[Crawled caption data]
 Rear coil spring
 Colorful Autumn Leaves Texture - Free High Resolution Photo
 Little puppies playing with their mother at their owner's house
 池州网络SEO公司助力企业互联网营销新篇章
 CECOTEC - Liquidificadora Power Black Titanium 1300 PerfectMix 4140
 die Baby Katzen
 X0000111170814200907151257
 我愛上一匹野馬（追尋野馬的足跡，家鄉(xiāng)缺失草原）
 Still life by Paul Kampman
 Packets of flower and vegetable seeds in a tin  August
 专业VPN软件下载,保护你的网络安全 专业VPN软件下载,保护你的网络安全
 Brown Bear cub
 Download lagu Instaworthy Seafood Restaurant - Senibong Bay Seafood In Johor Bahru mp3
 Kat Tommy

---

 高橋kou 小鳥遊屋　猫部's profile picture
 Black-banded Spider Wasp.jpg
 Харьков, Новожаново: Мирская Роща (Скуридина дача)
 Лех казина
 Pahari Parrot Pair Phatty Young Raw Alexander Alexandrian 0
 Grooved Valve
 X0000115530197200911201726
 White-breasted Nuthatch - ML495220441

- _What you need to do_
Return all lines from the entries that contain the string "Black".

- _Answer to this task_
 CECOTEC - Liquidificadora Power Black Titanium 1300 PerfectMix 4140
 Black-banded Spider Wasp.jpg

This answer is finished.